--- EXERCISE BRIEF ---
Copy all the entries word for word, but omit the pictures.

--- Stored data ---
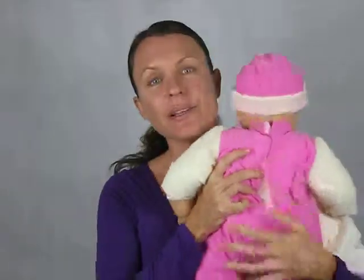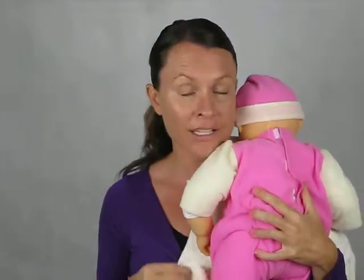So this is my model here today — her name is Ellie. To use this product, you would simply burp bub over your shoulder. And because it's waterproof lined as well, when bub does do that little burp or possibly a spew, it's not going to come through onto your clothes. And the other great thing is you can use it as a change mat.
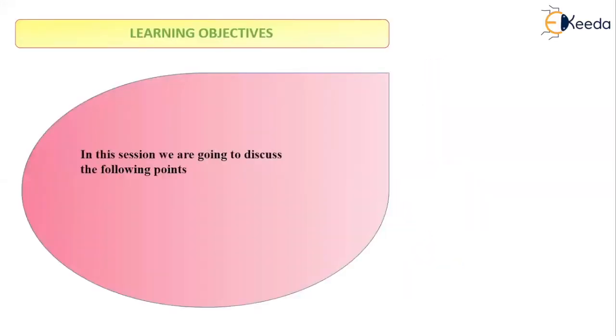Before going forward, let us see the learning objectives of this video. Firstly, we are going to study about the shaded pole induction motor, which uses the principle of shaded pole starting. Then we are going to study about the applications of the shaded pole induction motor.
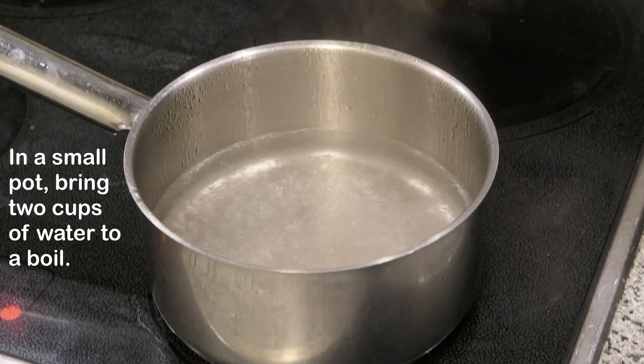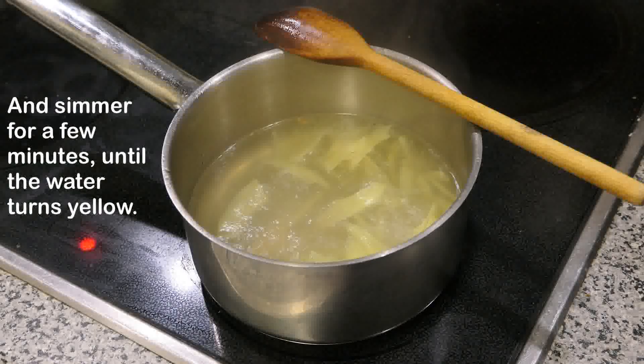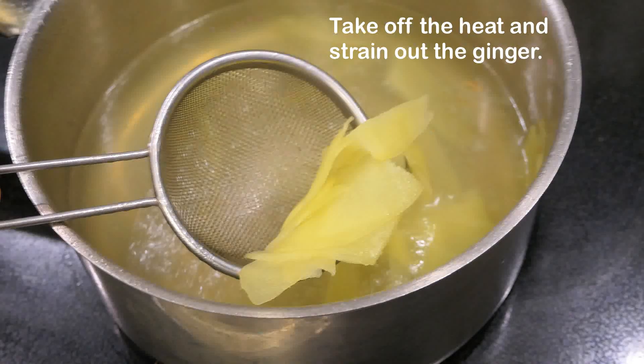In a small pot, bring two cups of water to a boil. Dump in the sliced ginger and simmer for a few minutes until the water turns yellow. Take off the heat and strain out the ginger.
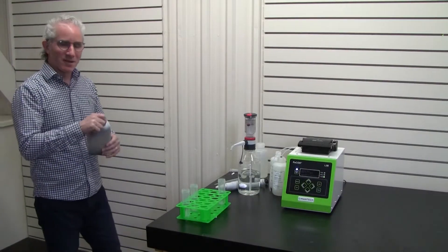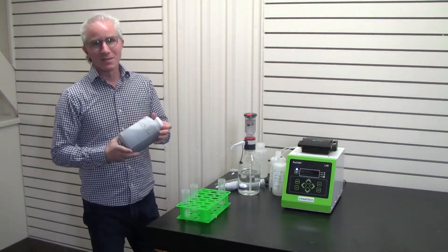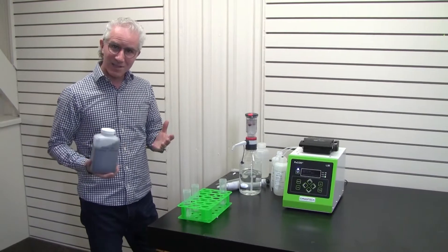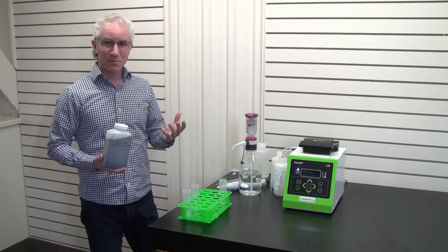Hi there, I'm Robert Mendigato, CEO of Mentec, and here to demonstrate the worst case sample preparation procedure for Peacock and to illustrate how simple it is.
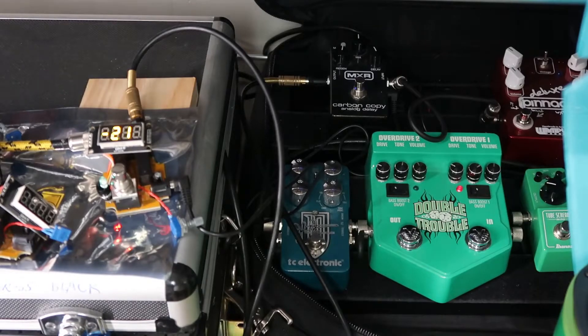I can do all that while I'm muted, so you can't even hear my guitar signal. I can tell what my signal levels are like before I actually play.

--- RESULT OF THE TASK ---
So this is my model here today — her name is Ellie. To use this product, you would simply burp bub over your shoulder. And because it's waterproof lined as well, when bub does do that little burp or possibly a spew, it's not going to come through onto your clothes. And the other great thing is you can use it as a change mat.
Before going forward, let us see the learning objectives of this video. Firstly, we are going to study about the shaded pole induction motor, which uses the principle of shaded pole starting. Then we are going to study about the applications of the shaded pole induction motor.
In a small pot, bring two cups of water to a boil. Dump in the sliced ginger and simmer for a few minutes until the water turns yellow. Take off the heat and strain out the ginger.
Hi there, I'm Robert Mendigato, CEO of Mentec, and here to demonstrate the worst case sample preparation procedure for Peacock and to illustrate how simple it is.
I can do all that while I'm muted, so you can't even hear my guitar signal. I can tell what my signal levels are like before I actually play.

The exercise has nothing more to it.